A new study from the University of Michigan examines one of the important factors that have undermined the price of oil and gasoline: Americans are using less gas.

The price of gasoline and crude oil has plunged since last summer and the role of new discoveries in North American shale formations has been highlighted.

Over the past two years, oil production in the U.S. has reached levels last seen in the late 1960s and early 1970s. Average fuel consumption by American drivers is at its lowest level in at least 30 years, according to a University of Michigan researcher.

But the supply side is only one half of the equation, the demand side has also dropped as a combination of higher fuel prices, stiffer fuel economy standards, which have driven major changes in automotive engineering and shifts in consumer preferences have also played a role.

In a follow-up to a series of reports released over the past two years, Michael Sivak of the U-M Transportation Research Institute (UMTRI) examined recent trends in fuel consumption by cars, pickup trucks, SUVs and vans in the U.S. from 1984 to 2013.

His findings show that gallons of gasoline consumed per person, driver, vehicle and household in the U.S. have dropped below 1984 levels — the first year of the study — and down 14-19% from peak levels a little more than a decade ago in 2003 and 2004.

(Pricing wars: plug-in hybrid and EV prices dropping. For more, Click Here.)

“Despite population growth of 8%, the absolute amount of fuel consumed by light-duty vehicles decreased by 11% during the period 2004 — the year of maximum consumption — through 2013,” said Sivak, a research professor at UMTRI and director of the Sustainable Worldwide Transportation research consortium.

Sivak found that in 2013 the amount of fuel consumed was about 392 gallons per person (down 17% from 2004), 583 gallons per driver (down 16% from 2004), 524 gallons per vehicle (down 14% from 2003) and 1,011 gallons per household (down 19% from 2004).

In 1984, annual fuel-consumption rates were 400 gallons per person, 608 gallons per driver, 602 gallons per vehicle and 1,106 gallons per household.

(Click Here for details gas prices remaining flat.)

In addition to examining changes in fuel consumption, the study also analyzed changes in the number of vehicles and distance driven. For both measures, rates per person, driver, vehicle and household are at their lowest levels since the 1990s.

Sivak said that although economic factors likely contributed to declining rates of vehicle ownership and distance driven, other societal changes such as increased telecommuting, use of public transportation and urbanization of the population, along with changes in the age composition of drivers, have influenced the need for personal transportation.

(To see more about the cost of EV batteries dropping, Click Here.)

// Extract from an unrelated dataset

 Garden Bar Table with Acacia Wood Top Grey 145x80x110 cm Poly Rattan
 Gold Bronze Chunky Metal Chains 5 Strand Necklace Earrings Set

“The reductions in the fuel-consumption rates reflect, in part, the added contribution of the improvements in vehicle fuel economy,” Sivak said. “Overall, the combined evidence from this and the previous studies indicates that—per person, per driver and per household—we now have fewer light-duty vehicles, we drive each of them less and we consume less fuel than in the past. There is no evidence in the 2013 data that the peaks in the rates that we experienced about 10 years ago were temporary.”